I downloaded the beta version of Lycoris Desktop/LX, burned the image to a CD, and installed on a spare partition of my hard drive here. Lycoris (formerly Redmond Linux) is a Linux distribution, based on Corel, that the developers have modified so that it looks and feels more like Windows. Lycoris is unlike any other distribution that I’ve tried. Previously I’ve used Red Hat and SuSE, and have built my own system from scratch following the instructions on the Linux From Scratch site.
What’s so different? When I booted the machine with the Lycoris CD, the setup program automatically started, detected my hardware, and walked me through a handful of very simple screens on which I confirmed the keyboard, mouse, and video hardware, selected DHCP, and created a user account. It automatically detected the unpartitioned space on my hard drive and began installing. No package selection screens or other stuff to complicate the installation. After 20 minutes of copying files (during which I tinkered with the solitaire program that they so kindly provided), I created a rescue diskette and rebooted the system.
Lycoris installs the GRUB boot loader, which on startup let me choose between Windows 2000 and the new Lycoris installation. My only gripe here is that GRUB placed Lycoris as the first boot choice, and it gives me only 5 seconds to choose Windows 2000 before automatically booting Linux. I’ll need to change the default to Windows 2000, and set the delay to a more reasonable 20 seconds or so.
OS boot time is comparable to Windows 2000, and when the system comes up I’m presented with a graphical login screen. Lycoris installs the KDE desktop, an office productivity suite, Mozilla Web browser and email client, and a host of multimedia tools. Some games and system utilities round out the installed applications. The default UI settings are very nice and, unsurprisingly, very Windows-like. Unlike other distributions I’ve tried in the past, everything that I’ve tried so far has worked as expected and I haven’t had to futz with any settings. I’ll want to adjust the mouse sensitivity and make a few cosmetic changes to the desktop appearance, but those are minor. A bigger problem is the speed. I expected the UI to be a bit more responsive on my 700 MHz Pentium 3. Mozilla and KWord take a long time to start, and video performance is a bit sluggish. I hope they fix that before they release the next version.

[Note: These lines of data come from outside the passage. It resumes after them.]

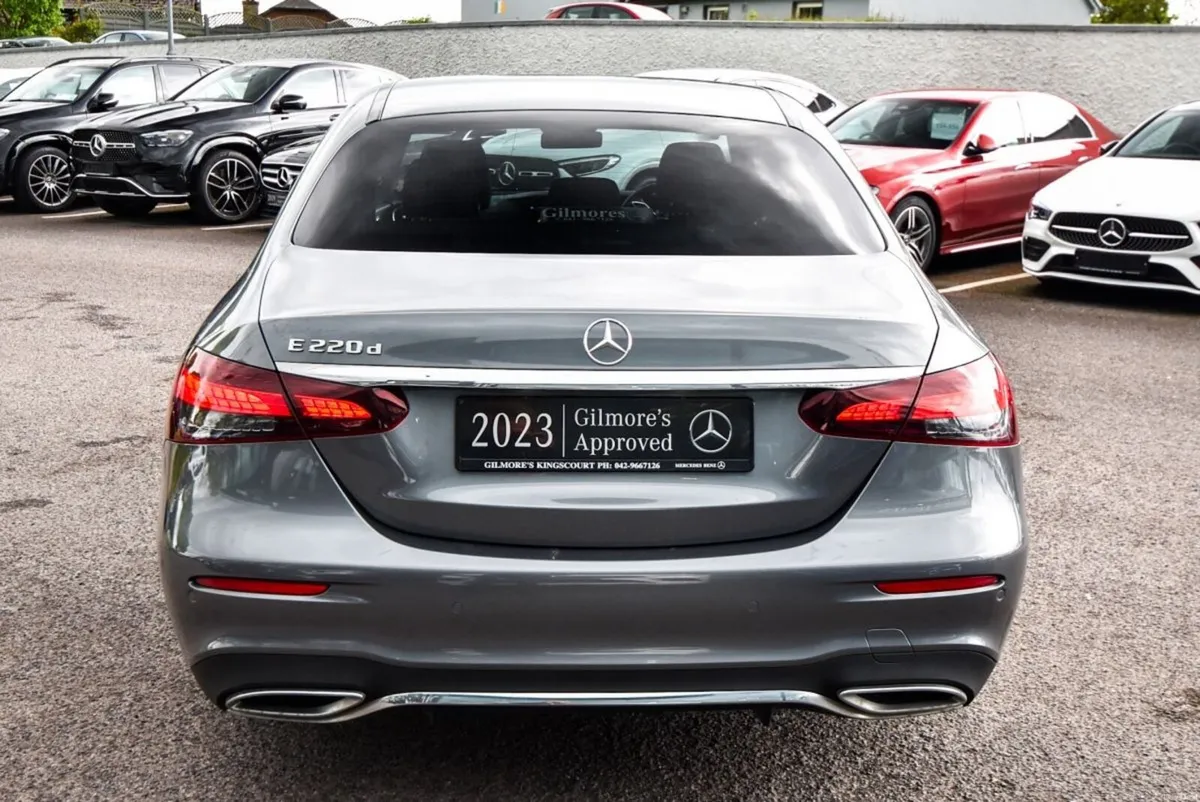 Mercedes-Benz E-Class E220d AMG Premium Auto 194bh - Image 5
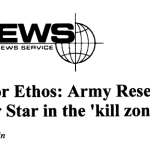 The Warrior Ethos: Army Reserve Soldier earns Silver Star in the 'kill zone' title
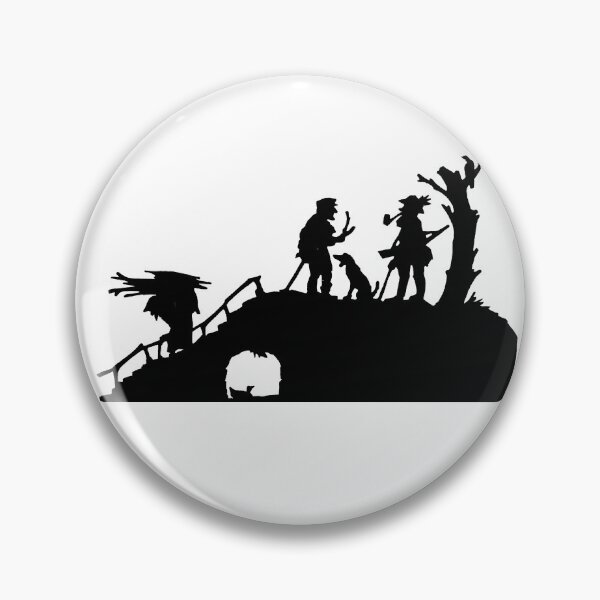 Artikelvorschau, Märchenhaftes Germany Entenjagd Vögel Hund Scherenschnitt Silhouette schwarz entworfen und verkauft von G-M-Designs.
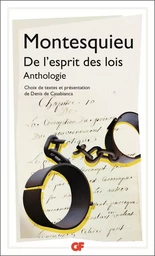 De l'esprit des lois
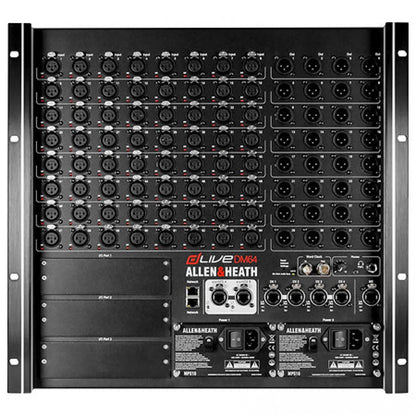 rack para mixer digital dLive 64 entradas Allen Heath CDM64U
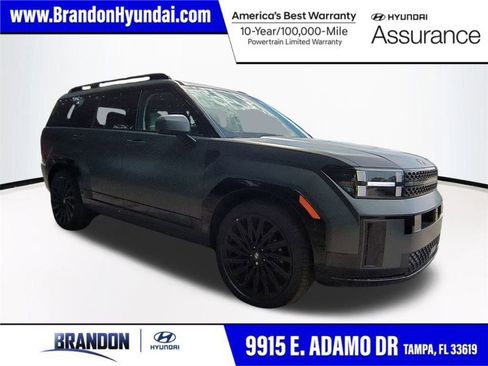 New 2026 Hyundai Santa Fe Calligraphy image 1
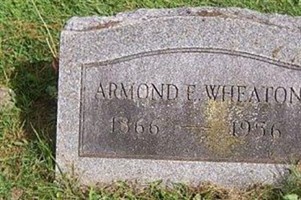 Armond E Wheaton Armond E Wheaton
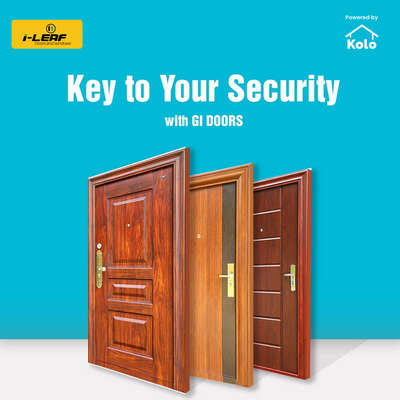 "key to your security "


 #Steeldoor  #SteelWindows #Steeldoor #ileafbrand #ileafdoors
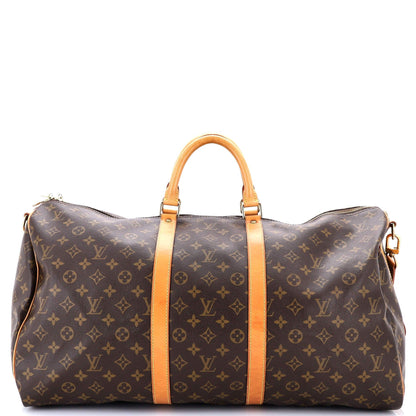 Louis Vuitton Keepall Bandouliere 55, Monogram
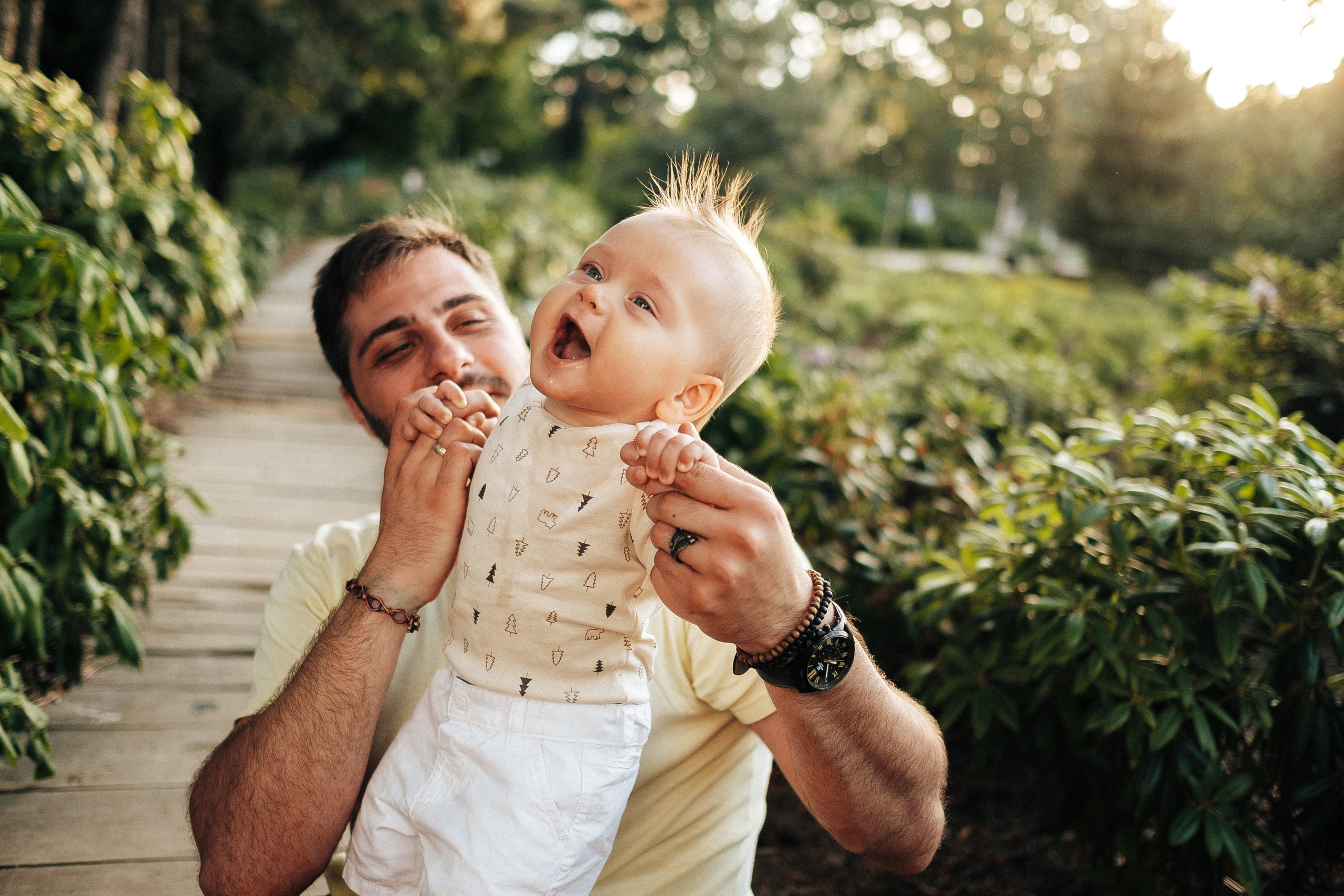 семейная фотосессия ботсад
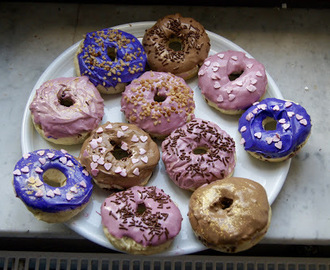 fluffig leckere Hefe-Donuts ohne frittieren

I’ll have to use the system for real work before I can say for sure that I like it, but my initial impression is quite favorable. Installation was painless, and the distribution appears to have everything that a casual home computer user would want for a starting system. It’s still Linux, and I’m free to download and install any other packages that I want. Desktop Linux has come a long way in the past three years. I might just be on the verge of recommending it as a serious option to Windows.